The extra financing need was triggered by a decision to give Greece two more years, until 2016, to cut the deficit to 2 percent of GDP. Refusal by the IMF to pitch in would increase the cost for European governments, led by Germany, the dominant lender to Greece and three other countries -- Ireland, Portugal and Spain -- that have fallen back on international aid.
For now, Schaeuble said the terms of the Greek package can be rejiggered by cutting the rates on bailout loans or giving Greece extra time to pay them back, without requiring creditors to put up more loans or write off parts of Greece’s official debt.
“Our assumption is that the program is working so that in the end, it’s a matter of guarantees and not benefits for Greece,” Schaeuble said.
Write-offs are a legal and political taboo for German Chancellor Angela Merkel, running for re-election in late 2013 with the argument that her anti-crisis prescriptions are working and unwilling to call on the German parliament to authorize more money.
Greece’s loan rates have been cut and maturities extended twice before. Schaeuble characterized the resulting cost to creditors as a reduction in profit. He said other, as yet undisclosed, steps can be taken to make the Greek fiscal math add up. Bild newspaper reported that Germany favors speeding the delivery of previously approved payments to Greece, increasing the next installment to 44 billion euros from 31.5 billion euros.
The search for a solution will run in parallel with parliamentary debates in countries such as Germany, Finland and the Netherlands, three countries that have handed control over bailout policy to lawmakers concerned about throwing good money after bad.
Luxembourg’s Juncker predicted a “definite decision” next week on releasing the next aid payment. He said the ministers might have to consult once more, possibly by teleconference, by the end of November to formally sign off on the updated rescue package.
The likely outcome is “a typical euro-zone fudge,” said Carsten Brzeski, an economist at ING Group NV in Brussels. “Needless to say, the final decision on the next Greek tranche, a new financing gap and debt sustainability will not be the end of the matter.”

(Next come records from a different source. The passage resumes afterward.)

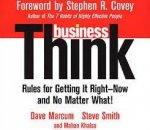 BusinessThink Rules For Getting It Right Now And No Matter What  CD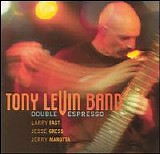 Tony Levin Band - Double Espresso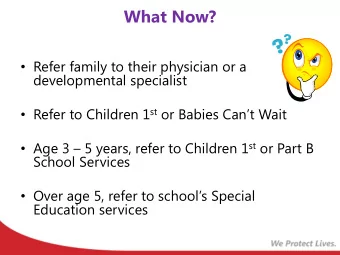 What Now?  Refer family to their physician or a  developmental specialist  Refer to Children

Economically and politically, the European commitment marked a triumph for Greek Prime Minister Antonis Samaras, who in power has whipped through the same budget-cutting policies that he was against while in opposition in order to keep Greece in the euro.
“It’s a done deal,” Greek Finance Minister Yannis Stournaras said. “It’s very important.”
In a report presented to the ministers, praise for Greece’s savings measures and economic shakeup blended with concern that “vested interests” and “powerful pressure groups” will frustrate the reforms. Demonstrations and strikes have blunted past revamp efforts, and 15,000 people protested outside parliament in Athens two nights ago against the passage of an austerity budget for 2013.
“The key risks concern the overall policy implementation, given that the coalition supporting the government appears fragile and some components of the program face political resistance, despite the determination of the government,” said the report by the “troika” made up of the European Commission, European Central Bank and IMF.
In the meantime, Greece will escape a default on Nov. 16 when 5 billion euros in treasury bills come due. Greek banks will be able to roll over their bill holdings, saving the country from the “financing cliff,” European Union Economic and Monetary Commissioner Olli Rehn said. Greece sold 4 billion euros of bills today.